# Feelings run hot on WI deer-feed ban



## Tom Morang (Aug 14, 2001)

Feelings run hot on deer-feed ban
State to act on stemming wasting disease

By LEE BERGQUIST
of the Journal Sentinel staff
Last Updated: June 23, 2002


Deer come to Dick Simon's resort near Park Falls for a handout.


The state Natural Resources Board this week will vote on new deer hunting regulations for fall to help control the spread of chronic wasting disease. Some regulations will apply to a 361-square-mile "intensive harvest zone" around the area where infected deer have been found. Other rules will apply to a 10-county "management zone" in southern Wisconsin.

Simon bought 50 tons of feed for deer last winter. He purchased 75 tons the year before for the hundreds that congregate on his 2,600 acres during the winter.

The abundance of feed, a dearth of snowmobiles and no hunting have turned Simon's property, called Boyd's Mason Lake Resort, into a deer-friendly place where the whitetails walk between the cabins, and some will eat out of your hand.

"They have a great life going, as far as a wild animal is concerned," Simon said.

But deer feeding and its cousin - the practice of baiting sites with food to attract deer to shoot them - could be coming to an end in Wisconsin.

The Natural Resources Board meets Tuesday and Wednesday in Racine and will vote on a proposal to ban feeding and baiting of deer across Wisconsin.

The proposed ban, recommended by the staff of the Department of Natural Resources, is part of Wisconsin's early efforts to control the spread of chronic wasting disease.

Other recommendations include an unprecedented killing of 25,000 deer in a 361-square-mile region of Dane, Iowa and Sauk counties, and cutting 50% of the deer population in a surrounding 10-county area.
Increasing the risk?

DNR staff members say feeding and baiting add food sources that pull many deer through winters, exacerbating an already heavy deer population. By bringing deer together, feeding and baiting heighten the risk of transmitting infectious diseases, the DNR says.

Staff members point to studies of deer and elk infected with chronic wasting disease in the West that suggest the fatal disease is spread through deer-to-deer contact, contamination of food or from saliva, urine or feces.

News last week that an elk on a Manitowoc County farm had contracted bovine tuberculosis "underscores the fact that we are not bulletproof in Wisconsin," said Tom Hauge, the DNR's point man on chronic wasting disease.

Deer once weathered the winters on whatever vegetation they could find.

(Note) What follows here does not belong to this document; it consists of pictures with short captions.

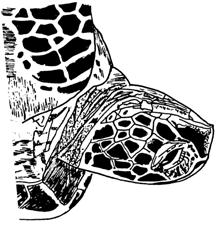 5 CHARACTERISTIC COMPARISON Green Turtle - Chelonia mydas Green turtles average 1.2m to 1.
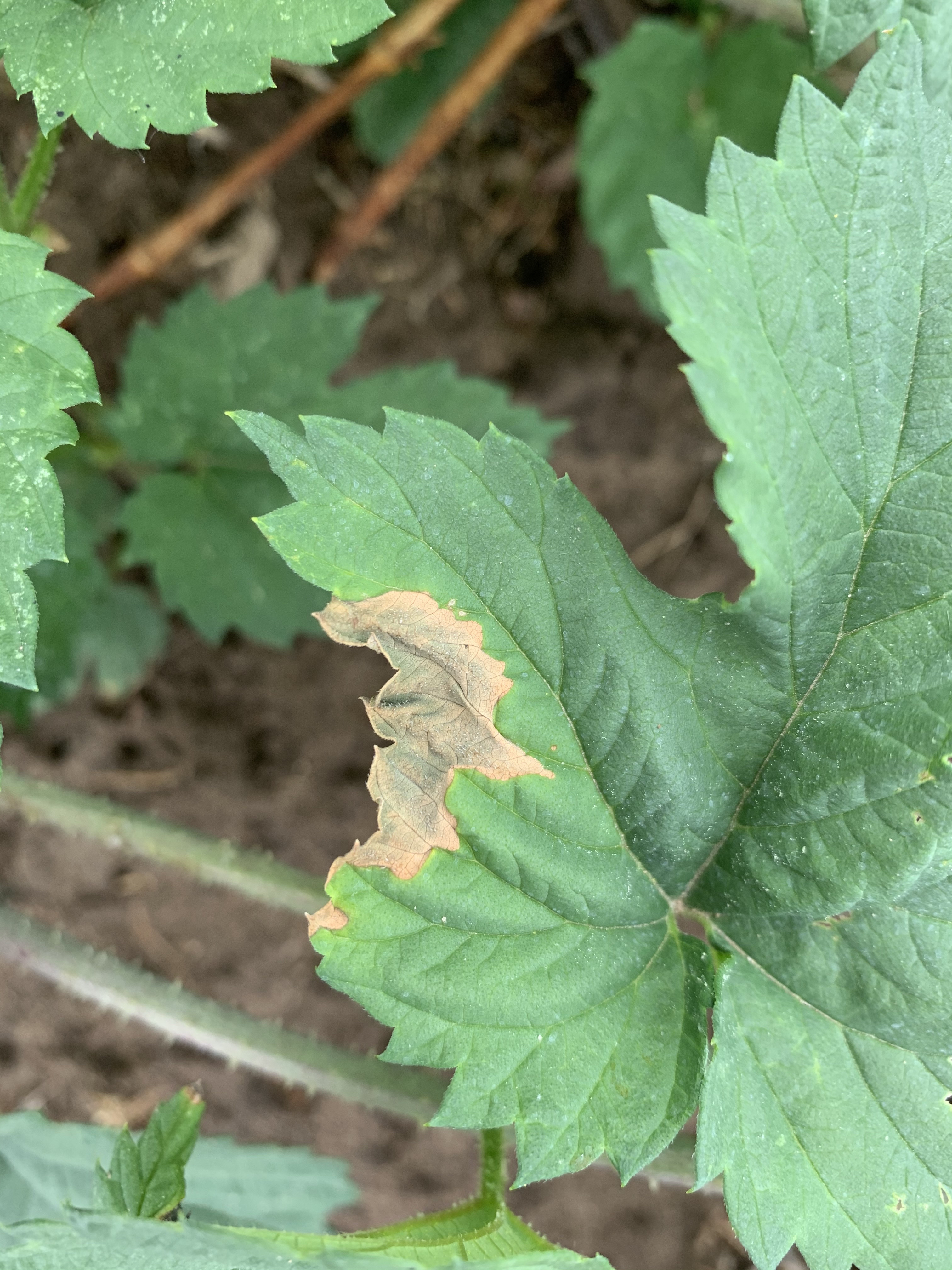 Early symptoms of halo blight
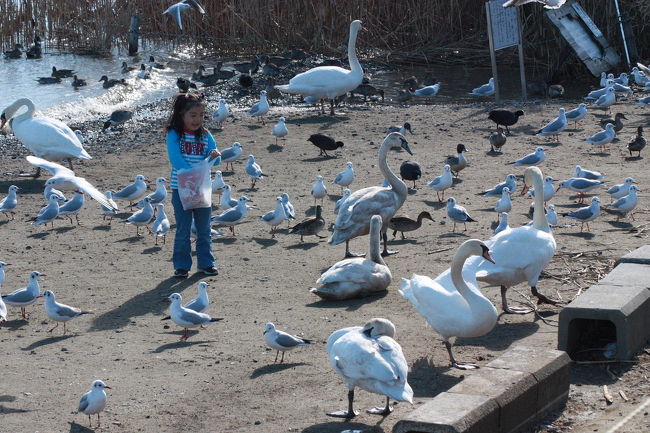 久しぶりに、潮来市水原の「白鳥の里」に行ってきました。<br /><br />表紙写真は、「白鳥の里」で野鳥の餌付けを楽しむ女の子。<br /><br />※ 2017.01.25 位置情報登録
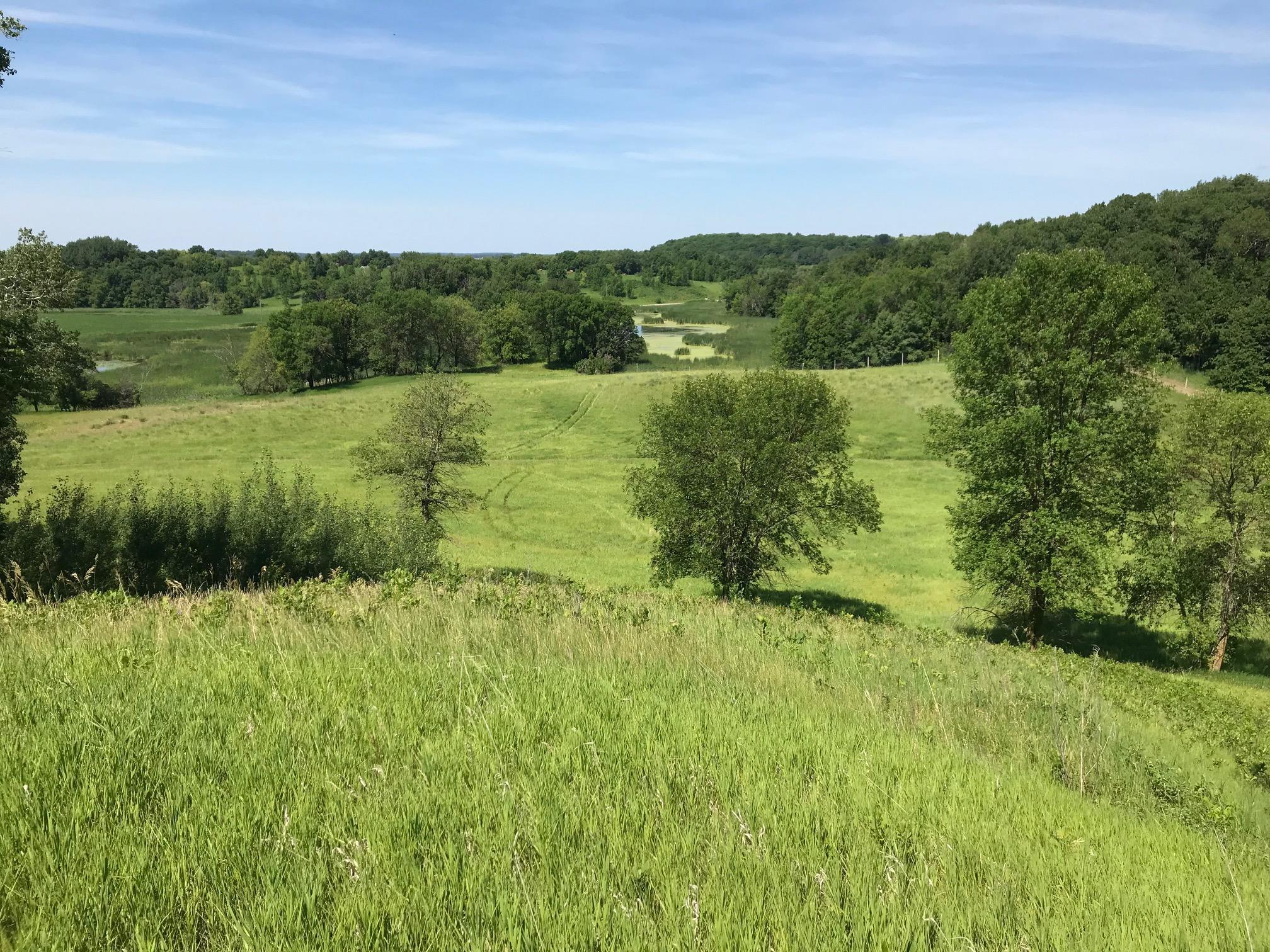 Top the Hill looking West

But over the past 20 years, the trend of feeding the animals has grown, according to Scott Craven, a University of Wisconsin-Madison wildlife ecologist.

"Bird feeding is the most popular wildlife interaction there is, and this is an extension of that," Craven said.

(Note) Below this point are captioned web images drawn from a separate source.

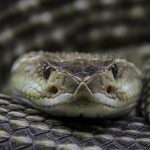 10 krälande fakta du måste veta om ormar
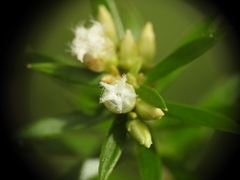 Styphelia leptospermoides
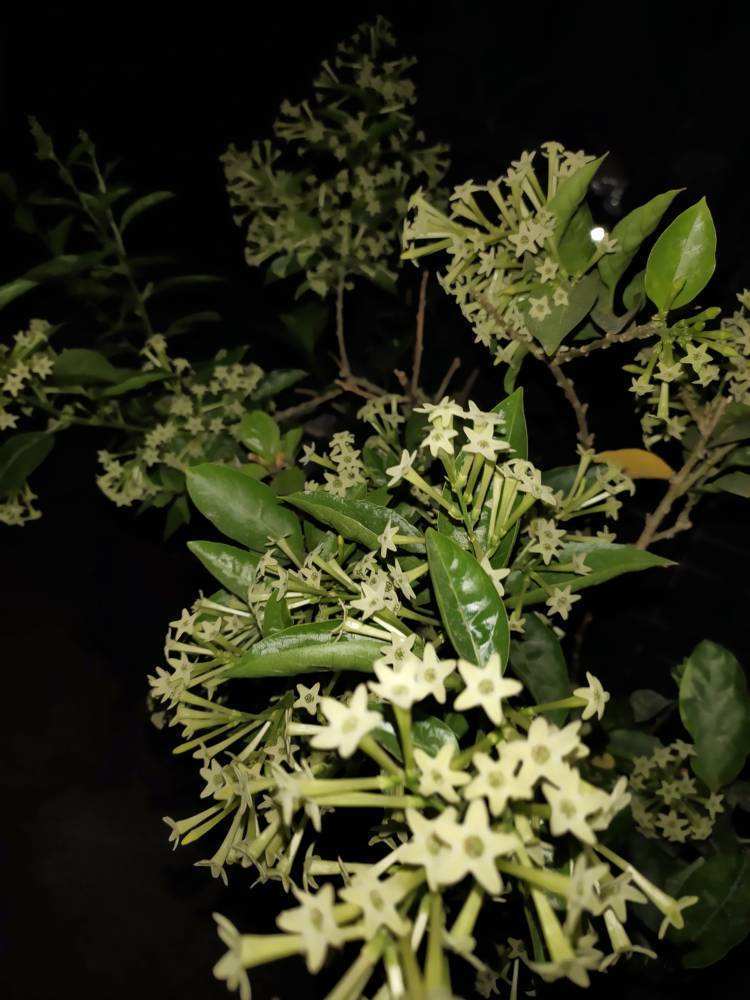 These 5 unique flowers bloom only at night, so you can cook them and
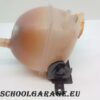 Vaschetta Liquido Refrigerante Fiat Croma Anno 2006 - immagine 8
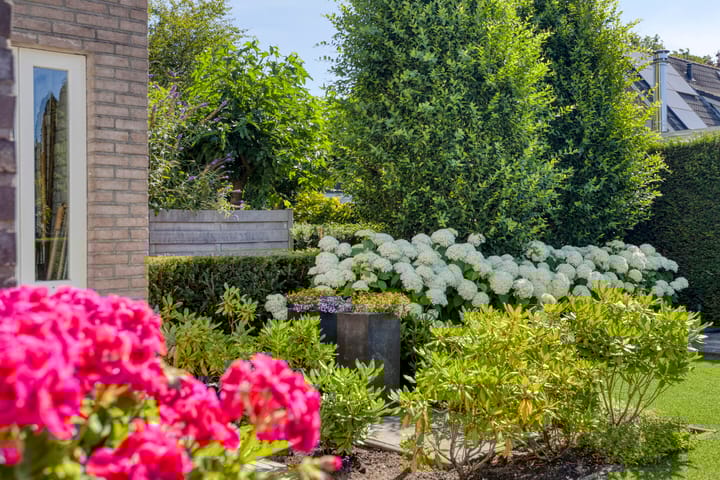 Foto 3 van Homerusstraat 40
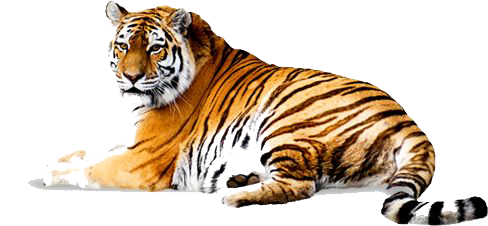 Tiger Picture Transparent PNG Image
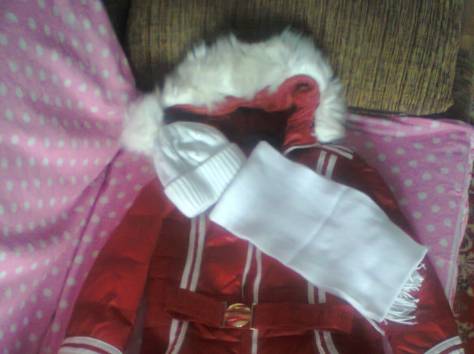 зимний пуховик с шарфом и шапкой, фотография 2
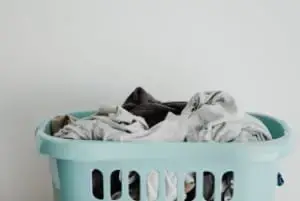 How Long Can Parvo Live On Clothes Quality Dog Resources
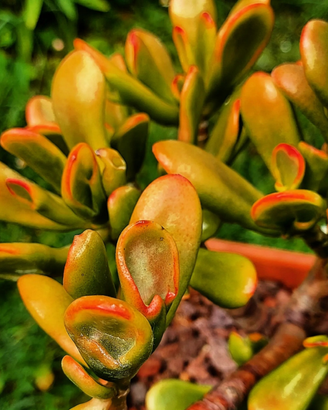 Crassula red horn tree piante grasse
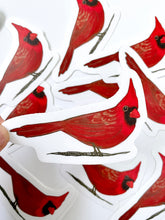 Load image into Gallery viewer, Cardinal Sticker - Bird Nerd Stickers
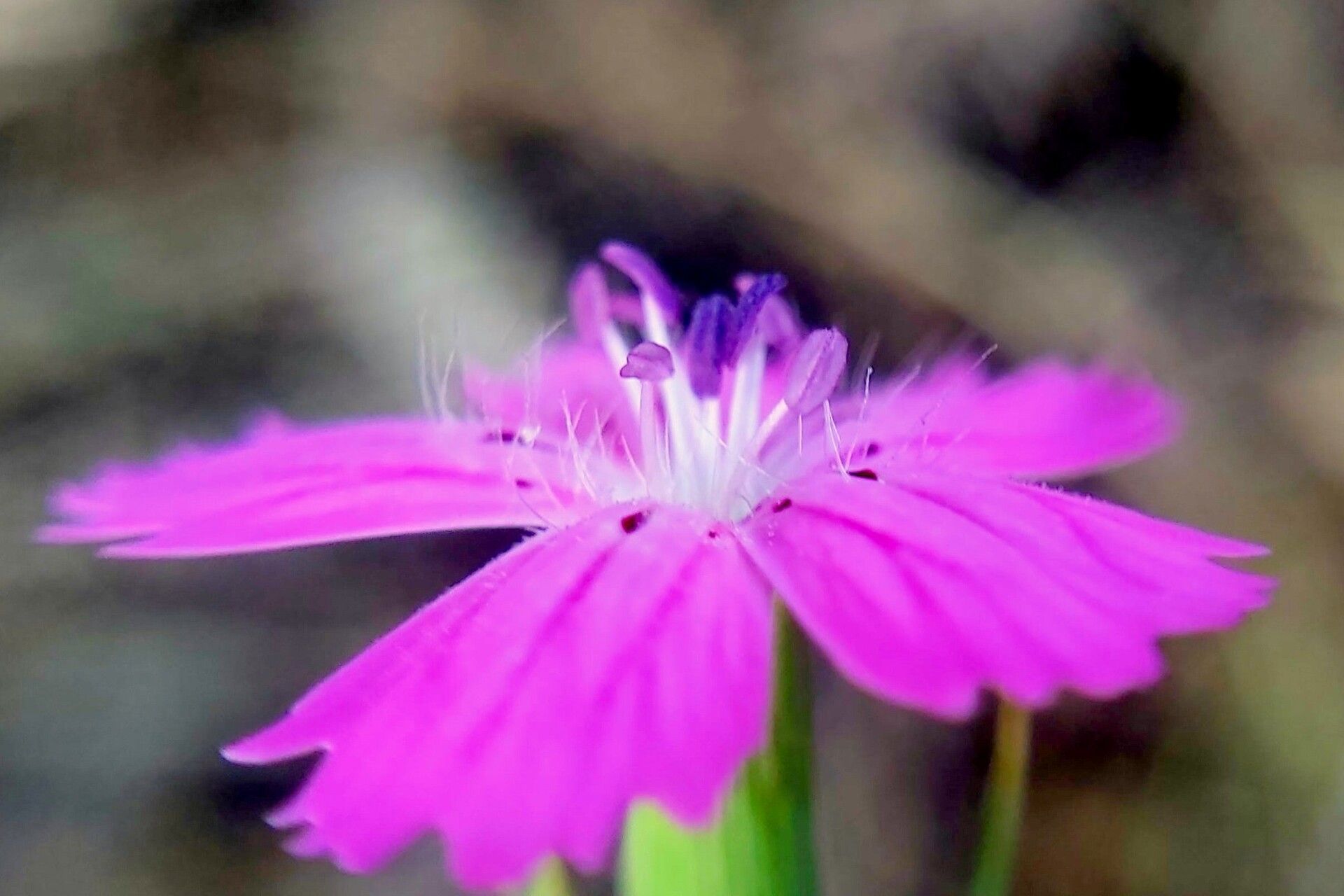 Dianthus roseoluteus flower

Techniques vary, from throwing a handful of feed on lawns to using farmlike feeders that attract deer in droves.

Illegal in many states, baiting has become a common, though controversial, hunting technique in Wisconsin.

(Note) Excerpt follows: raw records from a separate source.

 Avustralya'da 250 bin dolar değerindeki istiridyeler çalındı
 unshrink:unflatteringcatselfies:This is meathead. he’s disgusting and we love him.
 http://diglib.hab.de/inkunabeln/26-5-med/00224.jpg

"As a hunter myself, I am not interested in hunting over bait," Craven said. "But it is a personal issue."

A DNR study says that 40% of bow hunters, who need to get within 20 or 30 yards of their target, use bait to get closer. Deer hunters who bait have been known to illegally dump truckloads of food - anything from corn to pumpkins - near a hunting stand to assure a better shot.
A volatile issue

Whether Wisconsin should ban feeding and baiting has engendered strong emotions among hunters and people who live close to Wisconsin's teeming deer population.

"My phone is ringing off the hook," said Natural Resources Board member Catherine L. Stepp of Racine. "I love that. It excites me that people take time in their busy lives and get involved."

Board member James E. Tiefenthaler Jr. of Waukesha expressed doubt about a statewide ban on baiting and feeding.

"When you read and study the reason for banning it, there is no proof that this will stop the disease - and that's a given," he said.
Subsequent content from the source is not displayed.